Weeding Out Terrorists

terrorist, lying, airport security

U.S. security agents are doing it on the sly, reports CBS News correspondent Bob Orr: They're separating legitimate air travelers from would-be terrorists.

While X-ray machines and explosive scanners focus on weapons, Transportation Security chief Kip Hawley said Tuesday that screeners are studying passengers for signs of nervousness.

"It is involuntary muscular behaviors that are across the board, that doesn't matter what you look like. You don't have to look like a terrorist to exhibit these involuntary behaviors," he says.

It's the first step in so-called behavioral profiling.

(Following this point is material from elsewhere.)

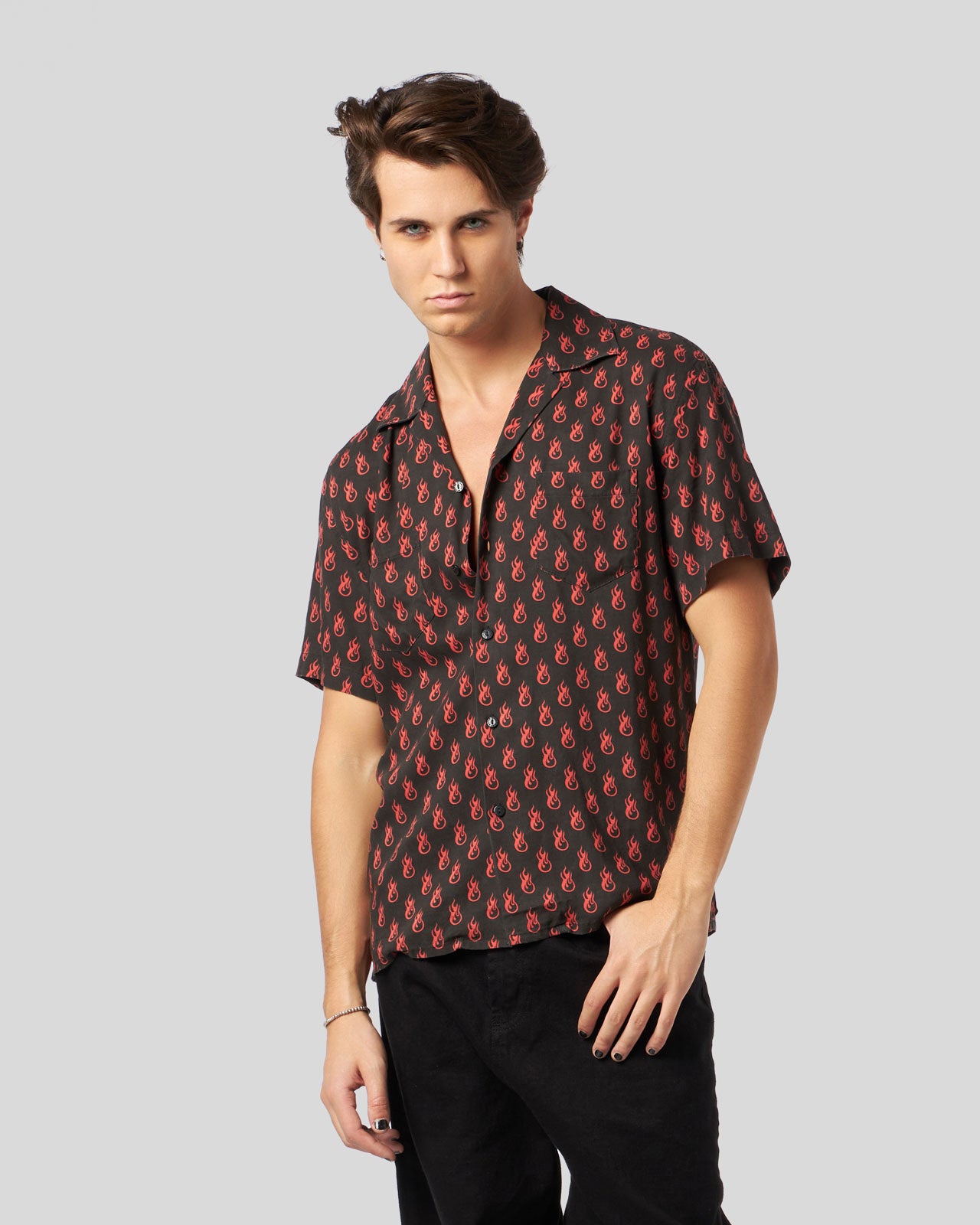 BLACK SHIRT WITH ALL OVER LOGO PRINT AND METAL LABEL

The next step can be seen inside a lab at the University of Buffalo, where a research suspect is about to tell a lie.

"I'm officer Ray LaHocking and I'd like to ask you a few questions … "

"OK," nods the suspect. "There's gonna be a person I talk to and I'll sign some forms."

So where's the lie?

"When he says 'there's a person I'm gonna talk to and I'm gonna go sign some forms,' you actually see a sign of fear/anxiety that hits him at that particular moment," says psychologist Mark Frank.

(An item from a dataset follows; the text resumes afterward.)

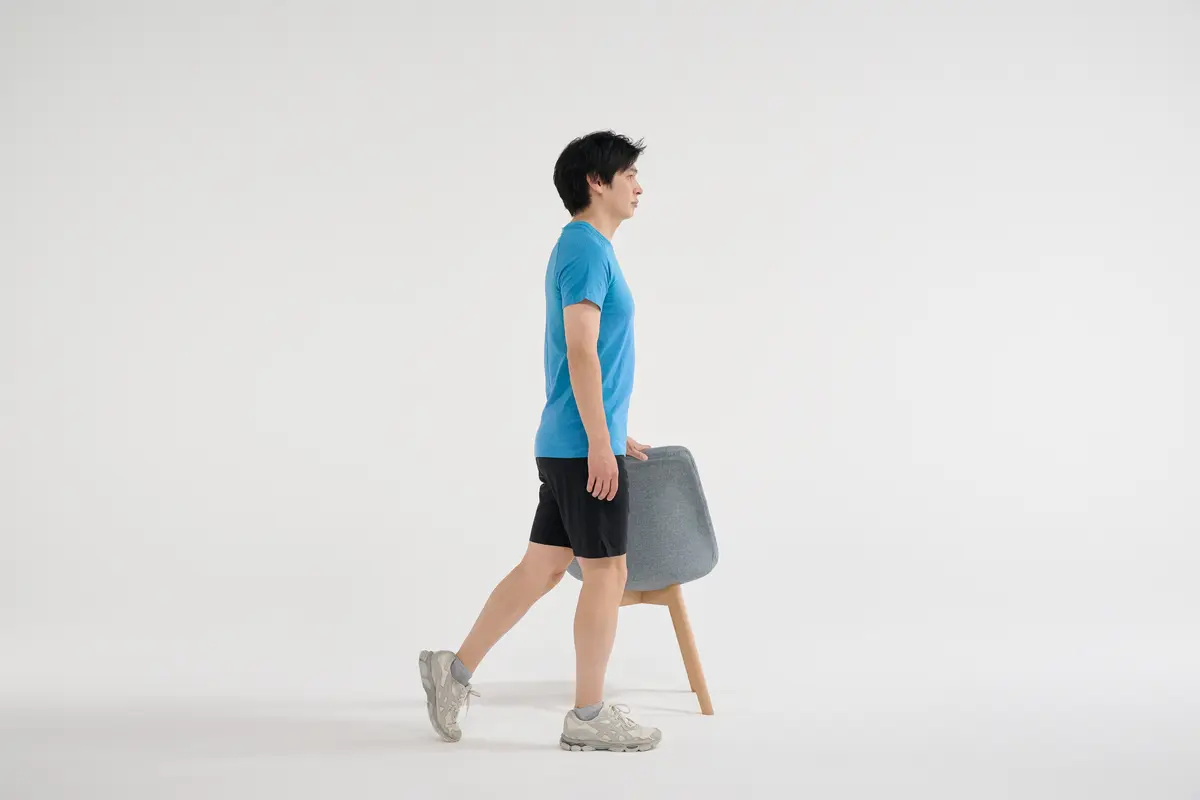 ① 椅子の右側に立ち、左手を椅子の背に置いて体を支え、左脚を後ろに引く。右足の膝のお皿とつま先はまっすぐ前に向ける。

What Frank saw was a split-second tightening of the muscle in the center of the forehead.

"It's across the top of the eyes, in the eyebrows," he says. "It's part of a facial expression of fear."

The flash of fear is called a "micro-expression." It's an involuntary facial response that can betray a liar.

"When people have emotions, the same areas of the brain that are responsible for causing the heart rate to go up and your blood pressure to go up and the little sweat you get on your hands are also sending a pulse to your face," Frank says.

Frank, who's developing the profiling technique for the Department of Homeland Security, claims he can spot a liar 90 percent of the time.

"I think at this point it is at least as accurate as a polygraph," he says.

Frank says the kind of behavioral analysis he's doing in his lab can be taught to screeners in the real world with as little as 30 minutes training. Hundreds of faces have convinced him the science is solid in identifying people who might be lying.

"If it just helps you make one or two better judgments," Frank says, "that could be the difference."

Frank concedes facial profiling is not foolproof — there is no absolute way to spot a lie. At the same time, terrorists should take no comfort — there's also no such thing as a fail-safe poker face.